However, as a title, Operations Manager is not restrictive to manufacturing. It involves;

PLANNING: Setting standards, targets and goals for a business organization and its operational activities is the path of operations management. So that as an organization ,we know from scratch which customer needs or market segments we would want to satisfy or have the capability of satisfying.

Once that is identified or established; the necessary decisions on how to make it happen, what designs to make, decisions on assortment (colours, sizes, shapes etc) planning as to which technology to use, capacity of manufacturing plant to set up, human resource available and even more importantly, the time scale within which all these plans should span constitutes the planning feature of operations.

It forms a very important part of the operations management process because it is an established fact that "Failing to plan is planning to fail. "

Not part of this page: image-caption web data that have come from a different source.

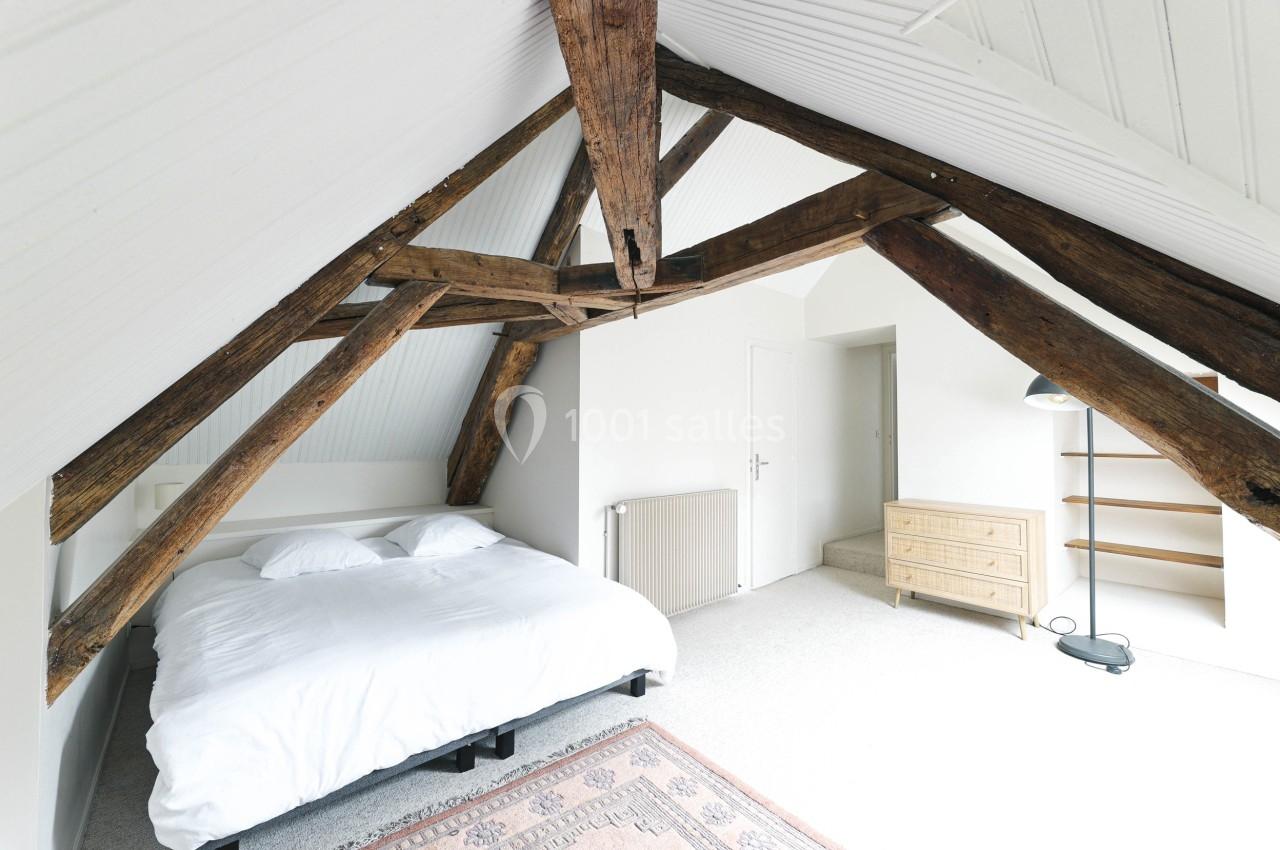 Chambre mansardée lumineuse avec poutres apparentes, lit double, commode en bois, étagères et lampe sur pied.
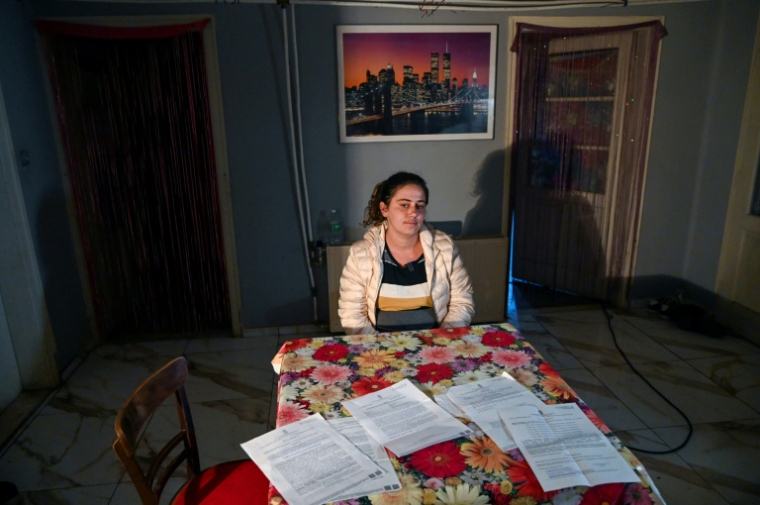 Zsuzsanna Marton, mère de trois enfants, assise à sa table où sont étalées des lettres officielles, le 25 septembre 2025 à Szentistvan, dans le nord-est de la Hongrie ( AFP / Attila KISBENEDEK )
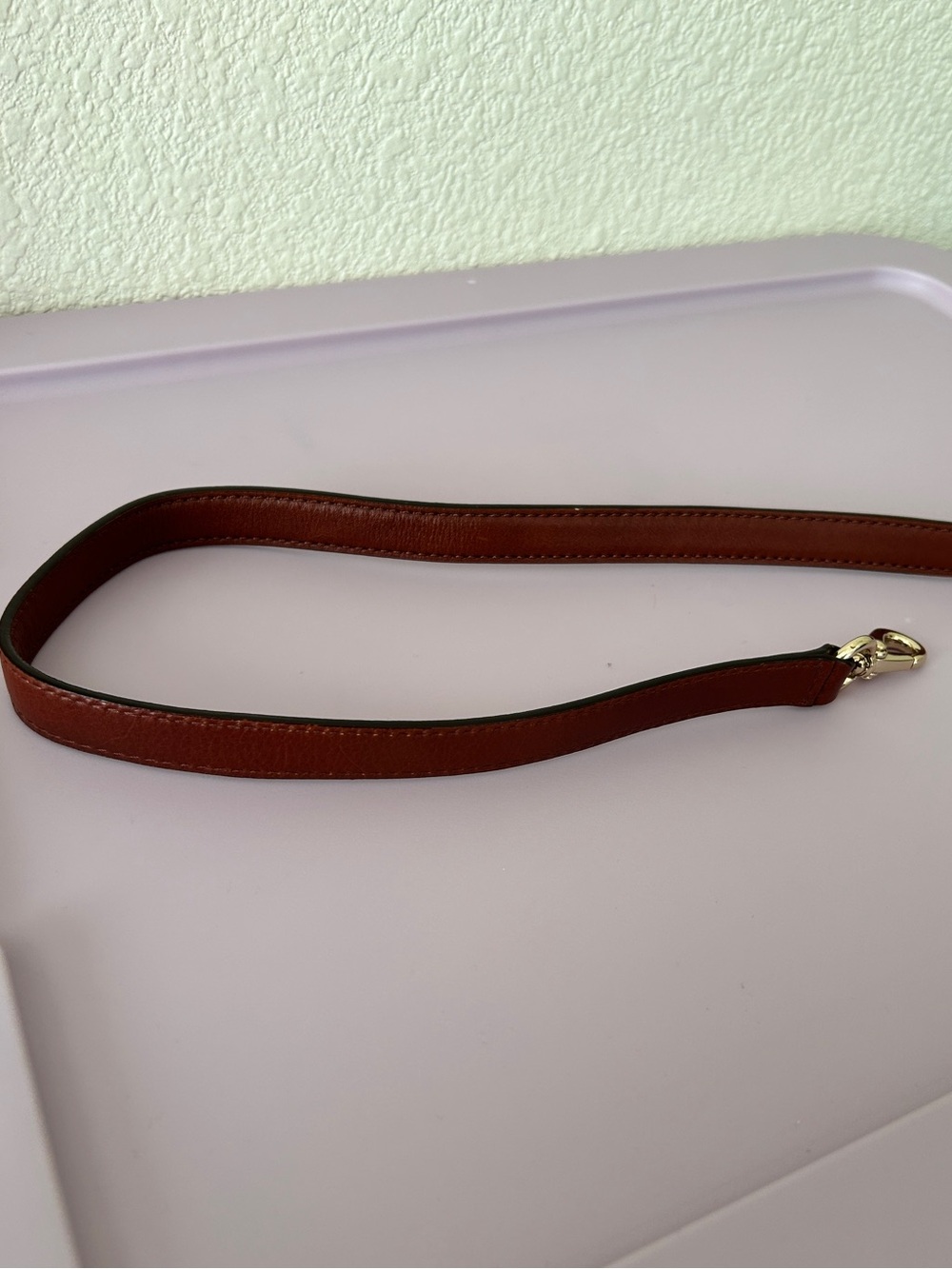 Warm brown leather purse strap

ORGANIZING:Organizing or making things follow in an orderly manner is also part of operations management.

This is also happens to be a vital part of the continuous process because though every plan is important in its own context, there are priorities in every given situation. Thus organizing operations involves sequencing all operational activities from; location for citing of manufacturing plant, distance from sources of raw materials, technology required and technology to be introduced at a later time.

Capacity of machines, lay out of machinery and the entire factory edifice influences efficiency in production and faster production output.Your distribution network and strategy to adopt (ie retail/wholesale/selective/mass), layout and design of outlets should be well planned in order to bring

the customer and organization, convenience and total satisfaction of processes.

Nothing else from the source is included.